En 2015 llegó a Cádiz. A un equipo de Segunda B con la presión que todos saben por escapar del pozo. Sus desafortunadas acciones en los encuentros de pretemporada propiciaron los pitos y burlas de un gran sector del cadismo. Ayudar al equipo a ganar partidos, conseguir el ascenso y un nuevo objetivo llegaba a su vida: ganarse la confianza no solo del entrenador, sino también de la grada. Casi nada.

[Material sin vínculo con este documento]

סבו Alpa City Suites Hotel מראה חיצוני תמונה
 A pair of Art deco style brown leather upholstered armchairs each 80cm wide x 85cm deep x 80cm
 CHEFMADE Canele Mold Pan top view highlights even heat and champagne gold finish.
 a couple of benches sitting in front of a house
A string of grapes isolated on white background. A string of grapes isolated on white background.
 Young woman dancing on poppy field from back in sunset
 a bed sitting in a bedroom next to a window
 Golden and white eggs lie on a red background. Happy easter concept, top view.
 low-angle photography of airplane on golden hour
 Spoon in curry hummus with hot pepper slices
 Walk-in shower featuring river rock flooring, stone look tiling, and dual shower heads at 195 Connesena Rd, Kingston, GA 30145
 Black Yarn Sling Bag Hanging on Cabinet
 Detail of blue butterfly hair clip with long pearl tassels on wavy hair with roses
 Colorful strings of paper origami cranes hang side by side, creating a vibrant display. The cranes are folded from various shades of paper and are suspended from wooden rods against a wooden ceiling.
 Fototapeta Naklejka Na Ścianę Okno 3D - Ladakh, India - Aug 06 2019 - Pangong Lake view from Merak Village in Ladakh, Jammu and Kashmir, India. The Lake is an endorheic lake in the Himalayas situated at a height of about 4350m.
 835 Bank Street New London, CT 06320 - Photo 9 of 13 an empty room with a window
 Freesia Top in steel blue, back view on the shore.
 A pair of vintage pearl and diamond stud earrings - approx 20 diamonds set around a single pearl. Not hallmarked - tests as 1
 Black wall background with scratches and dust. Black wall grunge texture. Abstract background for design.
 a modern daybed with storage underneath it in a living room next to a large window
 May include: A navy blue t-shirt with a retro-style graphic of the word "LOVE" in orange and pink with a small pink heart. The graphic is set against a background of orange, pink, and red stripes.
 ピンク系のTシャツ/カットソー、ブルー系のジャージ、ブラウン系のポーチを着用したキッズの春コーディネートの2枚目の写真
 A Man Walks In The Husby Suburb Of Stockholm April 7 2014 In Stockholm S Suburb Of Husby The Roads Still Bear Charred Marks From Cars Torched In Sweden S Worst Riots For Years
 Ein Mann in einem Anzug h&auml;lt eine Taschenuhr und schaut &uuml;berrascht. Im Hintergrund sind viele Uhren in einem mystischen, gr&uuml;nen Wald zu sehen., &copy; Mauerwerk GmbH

Con el paso de las jornadas, Aridane consiguió mostrar una imagen cada vez mejor sobre el césped. Se convirtió en un pilar del equipo y se metió la afición en el bolsillo. Una afición que ahora lamenta su marcha a Osasuna por un millón y medio, ya que “el peluca”, como muchos le apodan cariñosamente, ha dejado huella.
Porque el desconocido que venía del Eldense terminó siendo uno de los héroes del ascenso a Segunda División. Nadie apostaba por un equipo en cuya alineación siempre salía él. Pero sí, Aridane selló su nombre en la historia del Cádiz con aquel equipo que, de la mano de Álvaro Cervera, superó las dificultades, la fase de ascenso a Segunda e hizo soñar a toda una Ciudad con estar en Primera de nueva.
Es difícil dejar huella sin hacer ruido, sobre todo cuando solo cuentas con trabajo, constancia, humildad y confianza como herramientas. Quizá sea por eso que la afición gaditana se terminó sintiendo identificada con el dorsal número cuatro, el de los palos “a lo afro” o, simplemente, con Aridane.